After getting released from a ten year prison sentence for arson, I can’t help but to find it ironic that Lyfe Jennings would go on to set something else on fire. The difference? This time, it was his debut album, Lyfe 268-192 that caught fire from intense amounts of soul and some of the most honestly devout storytelling of the last decade. To even call it an album I feel does this body of work a slight injustice. Lyfe crafted a conversation set to the tune of music.
He assumes the first-person role of character and narrator as he delves into his version of a hustler’s love, or rather lust-turned-love story, ‘Must Be Nice’. Lyfe dismantles the hustler’s lifestyle and reinforces the thought of finding true love the only way a thug can, from experience. This experience-based reflection is where Lyfe separates himself from most.

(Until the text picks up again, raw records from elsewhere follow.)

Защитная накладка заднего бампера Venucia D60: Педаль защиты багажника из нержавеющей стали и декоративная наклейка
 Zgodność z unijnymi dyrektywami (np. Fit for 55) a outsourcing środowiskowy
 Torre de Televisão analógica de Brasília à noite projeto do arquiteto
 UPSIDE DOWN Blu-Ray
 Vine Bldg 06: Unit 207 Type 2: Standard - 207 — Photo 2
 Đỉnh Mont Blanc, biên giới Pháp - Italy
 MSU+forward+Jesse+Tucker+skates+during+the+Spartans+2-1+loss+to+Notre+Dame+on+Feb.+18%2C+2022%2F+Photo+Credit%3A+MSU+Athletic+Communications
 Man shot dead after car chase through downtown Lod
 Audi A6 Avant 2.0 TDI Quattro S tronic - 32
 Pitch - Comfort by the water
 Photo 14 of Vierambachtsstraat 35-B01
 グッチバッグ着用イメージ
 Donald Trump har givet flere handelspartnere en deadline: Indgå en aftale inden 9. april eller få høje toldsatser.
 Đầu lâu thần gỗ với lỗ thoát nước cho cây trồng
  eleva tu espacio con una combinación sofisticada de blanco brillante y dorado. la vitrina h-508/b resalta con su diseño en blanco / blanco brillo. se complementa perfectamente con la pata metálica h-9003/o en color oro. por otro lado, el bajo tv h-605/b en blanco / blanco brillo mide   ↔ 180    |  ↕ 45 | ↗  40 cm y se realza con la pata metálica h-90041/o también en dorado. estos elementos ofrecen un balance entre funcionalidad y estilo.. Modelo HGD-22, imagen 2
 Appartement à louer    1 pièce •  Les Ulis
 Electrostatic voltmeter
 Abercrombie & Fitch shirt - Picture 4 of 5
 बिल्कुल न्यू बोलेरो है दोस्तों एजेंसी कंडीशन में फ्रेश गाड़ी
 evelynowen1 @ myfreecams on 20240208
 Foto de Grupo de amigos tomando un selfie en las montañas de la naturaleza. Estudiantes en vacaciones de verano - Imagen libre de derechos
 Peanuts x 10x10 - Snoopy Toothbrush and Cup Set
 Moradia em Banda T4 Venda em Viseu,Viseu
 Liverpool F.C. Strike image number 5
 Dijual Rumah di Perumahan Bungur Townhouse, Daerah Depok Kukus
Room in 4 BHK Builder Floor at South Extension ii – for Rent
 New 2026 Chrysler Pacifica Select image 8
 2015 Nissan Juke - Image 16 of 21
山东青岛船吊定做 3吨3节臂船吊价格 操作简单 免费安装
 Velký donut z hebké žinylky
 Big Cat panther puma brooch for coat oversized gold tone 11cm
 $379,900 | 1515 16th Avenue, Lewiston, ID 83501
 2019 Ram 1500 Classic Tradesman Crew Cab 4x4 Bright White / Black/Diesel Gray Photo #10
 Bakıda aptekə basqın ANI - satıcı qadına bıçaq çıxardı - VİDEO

Instead of succumbing to natural R&B tropes he takes the time to really evaluate life and create songs that resist the pull of the mainstream.
The instrumentation is very much from a bygone era of sound. Consisting largely of a combination of guitar and uniquely rhythmic drums. The feeling of realism in consistent in every aspect of the project. Each song ends with an intimate narration that sets the stage for the following song, something like a preface someone would commit to at an alcoholics anonymous meeting. Love is lost and found in any number of ways in Lyfe’s life. He poetically traverses an acoustic guitar and the echoes of soft finger snaps on ‘Hypothetically’, which imagines the ‘what-ifs’ that are present in every relationship. The stresses of the relationship had proved too much for our storyteller as he learns to appreciate life outside a relationship on the funky and upbeat, ‘Smile’.
The gravity of real life problems is discerned on the almost bluesy, ‘Greedy’ which has Lyfe baring his private life and hiding from cops for a reason entirely different than we are used to hearing in music, child support. It is a very one-sided look at a highly complex issue but Lyfe makes it hard to hate him for dodging his bills after he explains the story through his lense. This dynamic exposes some of Lyfe’s faults and only helps to humanize him even further. Of everything I have already mentioned that makes this music so appealing, nothing does more for this man than his voice. Why you ask? Simple, Lyfe’s voice is one of a kind. It’s paradoxical in the sense that it retains a weighty grittiness while consistently sounding smooth. It’s sandpaper lined in silk and rarely has struggle ever sounded so easy and oh so good.